Perfect weather for a bike ride . . .

March 22, 2014

Commuter Season - can you see me now?

Spring.... ahhh, spring!  Finally!

That means commuter season is upon us...!
Sure, there are some - used-ta be me - die-hards out there for whom the season never stops, but, for the rest of the 90%, this is when we dust ourselves off and re-mount for the next nine months.  It's time to get your steed, and yourself, ready:

Please give your local bike shops a chance to earn your business.  The one GIANT thing your Amazon account can't get you is the vast compendium of experience, class, expertise and genuine, hands-on customer service which our local shops deliver.  For the southern KC-area, I highly recommend the following, in no particular order:



Either shop has a great selection of racks, bags, front & rear lights, locks, clothing, and knowledge to help make your commuting experience a success.  Check them out!

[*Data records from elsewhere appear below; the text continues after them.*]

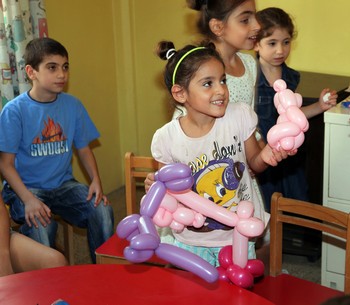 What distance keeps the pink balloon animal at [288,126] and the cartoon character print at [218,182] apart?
235 mm

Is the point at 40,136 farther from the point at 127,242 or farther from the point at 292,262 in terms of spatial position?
the point at 292,262

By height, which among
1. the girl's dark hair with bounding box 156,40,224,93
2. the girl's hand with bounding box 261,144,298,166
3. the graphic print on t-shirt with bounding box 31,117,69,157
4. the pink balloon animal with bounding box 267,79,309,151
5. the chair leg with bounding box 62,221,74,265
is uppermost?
the girl's dark hair with bounding box 156,40,224,93

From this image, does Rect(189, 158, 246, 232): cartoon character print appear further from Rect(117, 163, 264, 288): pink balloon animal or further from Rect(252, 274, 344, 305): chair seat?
Rect(252, 274, 344, 305): chair seat

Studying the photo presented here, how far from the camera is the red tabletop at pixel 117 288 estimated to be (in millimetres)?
1491

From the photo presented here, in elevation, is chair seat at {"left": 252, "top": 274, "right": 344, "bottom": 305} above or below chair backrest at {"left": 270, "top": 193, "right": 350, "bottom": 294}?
below

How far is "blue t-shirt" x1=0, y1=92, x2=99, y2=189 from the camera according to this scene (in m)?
2.57

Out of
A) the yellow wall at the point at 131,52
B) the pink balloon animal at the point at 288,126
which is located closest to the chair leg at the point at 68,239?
the yellow wall at the point at 131,52

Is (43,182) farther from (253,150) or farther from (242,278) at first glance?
(242,278)

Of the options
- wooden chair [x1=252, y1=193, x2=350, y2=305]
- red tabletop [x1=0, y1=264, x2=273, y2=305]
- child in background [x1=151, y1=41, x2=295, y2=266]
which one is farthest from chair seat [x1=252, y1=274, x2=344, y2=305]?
red tabletop [x1=0, y1=264, x2=273, y2=305]

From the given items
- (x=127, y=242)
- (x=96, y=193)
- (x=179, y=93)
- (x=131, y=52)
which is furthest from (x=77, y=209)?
(x=131, y=52)

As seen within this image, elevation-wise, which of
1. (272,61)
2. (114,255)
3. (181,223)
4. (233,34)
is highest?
(233,34)

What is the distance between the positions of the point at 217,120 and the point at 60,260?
733 millimetres

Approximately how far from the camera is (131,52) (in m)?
3.80

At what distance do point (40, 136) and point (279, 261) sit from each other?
1.17m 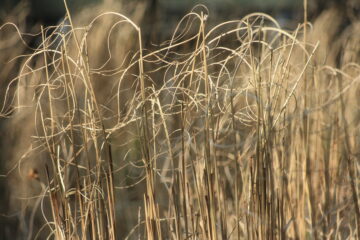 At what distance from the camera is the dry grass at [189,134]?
110 cm

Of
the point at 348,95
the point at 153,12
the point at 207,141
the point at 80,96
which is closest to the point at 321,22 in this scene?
the point at 348,95

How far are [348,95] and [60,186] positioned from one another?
3.59 ft

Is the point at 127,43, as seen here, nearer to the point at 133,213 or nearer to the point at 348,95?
the point at 133,213

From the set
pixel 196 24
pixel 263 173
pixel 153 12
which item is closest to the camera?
pixel 263 173

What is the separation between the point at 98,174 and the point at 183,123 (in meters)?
0.15

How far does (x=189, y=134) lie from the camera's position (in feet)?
3.84

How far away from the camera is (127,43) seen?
197 cm

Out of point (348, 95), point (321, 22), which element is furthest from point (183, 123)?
point (321, 22)

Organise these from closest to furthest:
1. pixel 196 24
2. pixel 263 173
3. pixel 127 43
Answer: pixel 263 173
pixel 127 43
pixel 196 24

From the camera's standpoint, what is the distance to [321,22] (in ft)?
7.22

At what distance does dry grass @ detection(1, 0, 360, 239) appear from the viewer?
110cm

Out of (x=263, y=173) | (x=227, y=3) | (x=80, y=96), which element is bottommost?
(x=263, y=173)

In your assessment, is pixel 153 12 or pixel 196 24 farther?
pixel 196 24

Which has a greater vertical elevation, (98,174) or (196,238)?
(98,174) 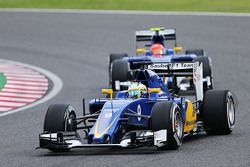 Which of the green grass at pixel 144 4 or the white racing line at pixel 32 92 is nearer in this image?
the white racing line at pixel 32 92

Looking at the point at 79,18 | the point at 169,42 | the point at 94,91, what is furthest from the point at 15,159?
the point at 79,18

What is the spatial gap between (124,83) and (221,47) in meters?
9.12

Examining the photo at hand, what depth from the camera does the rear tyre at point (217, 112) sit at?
13.6m

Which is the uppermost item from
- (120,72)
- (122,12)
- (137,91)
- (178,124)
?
(122,12)

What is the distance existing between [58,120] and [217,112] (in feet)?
8.57

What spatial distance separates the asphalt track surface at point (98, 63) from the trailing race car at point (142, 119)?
0.19m

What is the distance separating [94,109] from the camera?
13.3 m

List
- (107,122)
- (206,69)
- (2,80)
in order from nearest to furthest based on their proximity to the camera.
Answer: (107,122) → (206,69) → (2,80)

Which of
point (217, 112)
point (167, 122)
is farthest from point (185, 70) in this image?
point (167, 122)

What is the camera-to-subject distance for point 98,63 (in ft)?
87.4

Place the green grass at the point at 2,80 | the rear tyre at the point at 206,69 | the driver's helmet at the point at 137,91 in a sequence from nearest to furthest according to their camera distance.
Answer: the driver's helmet at the point at 137,91 < the rear tyre at the point at 206,69 < the green grass at the point at 2,80

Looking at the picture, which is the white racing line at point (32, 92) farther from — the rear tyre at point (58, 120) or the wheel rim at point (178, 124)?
the wheel rim at point (178, 124)

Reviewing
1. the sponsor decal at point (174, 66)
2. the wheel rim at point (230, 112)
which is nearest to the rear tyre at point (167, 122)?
the wheel rim at point (230, 112)

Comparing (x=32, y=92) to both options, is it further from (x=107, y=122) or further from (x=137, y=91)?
(x=107, y=122)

If you're not in the immediate area, however, or they just can't get it, check this out:  first off, I didn't even know Amazon HAD such a thing, but it's pretty slick - and sorta how I'd set up my own fantasy bike-store that I'll own in the future:

Amazon's Bike Commuter Store

Now that you know where to go... today, I'll focusing on a few quick tips:  
This episode:  reflectivity and safety.

1)  Reflectivity is good, and passive:  you don't
need to do anything other than employ its use to gain the benefits... no batteries to maintain, nothing to think about after the installation or purchase.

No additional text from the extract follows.